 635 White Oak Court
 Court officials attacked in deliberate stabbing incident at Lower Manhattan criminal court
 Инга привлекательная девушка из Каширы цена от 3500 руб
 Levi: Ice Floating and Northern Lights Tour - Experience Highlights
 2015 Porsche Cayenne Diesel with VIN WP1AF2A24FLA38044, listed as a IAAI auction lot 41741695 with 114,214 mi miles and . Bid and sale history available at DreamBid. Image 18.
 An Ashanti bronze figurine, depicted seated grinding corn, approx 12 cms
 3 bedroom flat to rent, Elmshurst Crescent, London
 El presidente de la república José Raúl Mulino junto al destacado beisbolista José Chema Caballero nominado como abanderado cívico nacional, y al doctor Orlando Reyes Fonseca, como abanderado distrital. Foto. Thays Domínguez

--

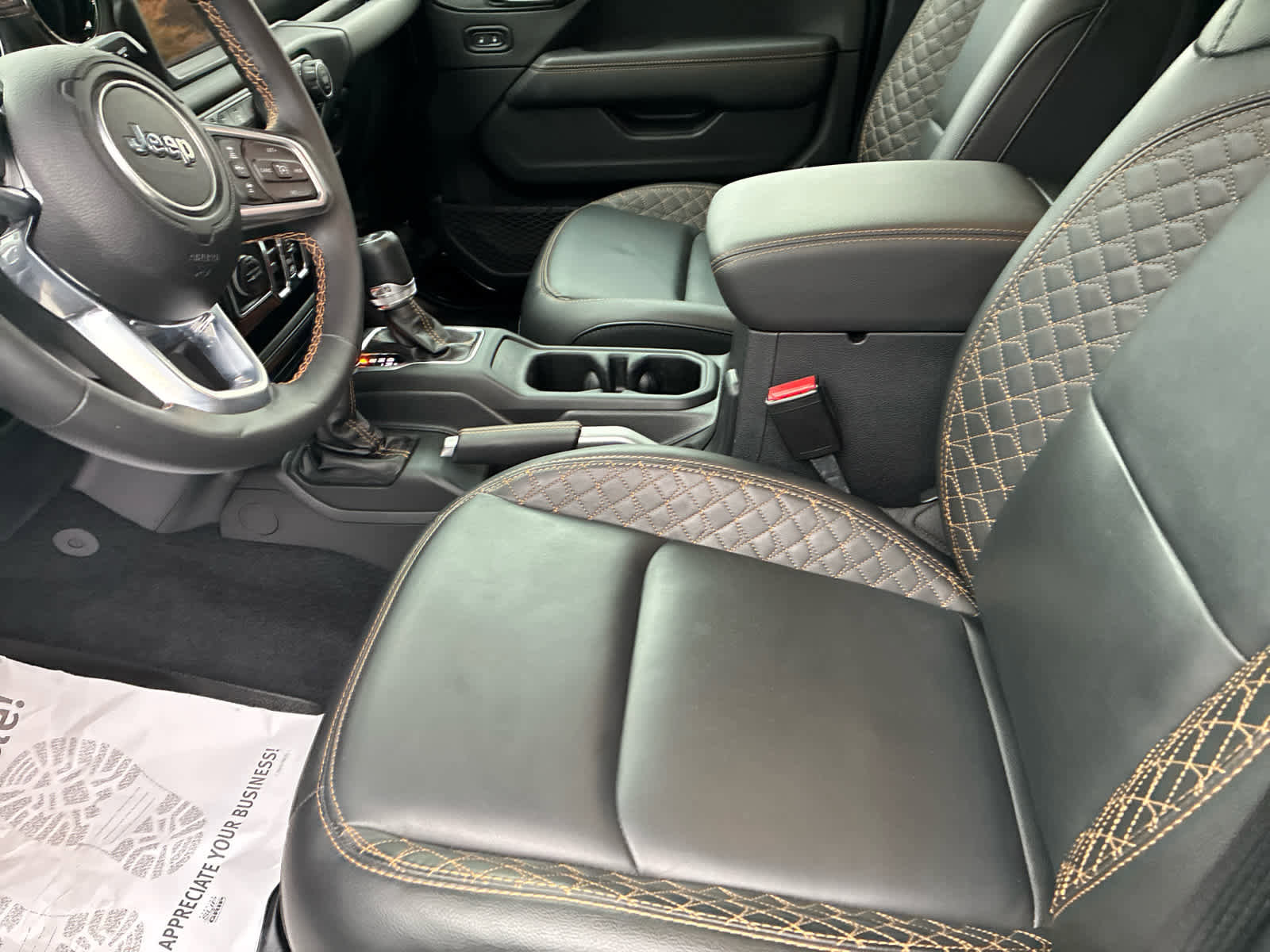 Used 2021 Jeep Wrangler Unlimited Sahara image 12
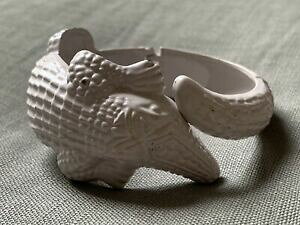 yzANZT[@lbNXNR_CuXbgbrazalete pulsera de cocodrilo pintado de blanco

What the exercise asks: Go through the material and copy out every line with "Court" in it.

Output of the exercise:
 635 White Oak Court
 Court officials attacked in deliberate stabbing incident at Lower Manhattan criminal court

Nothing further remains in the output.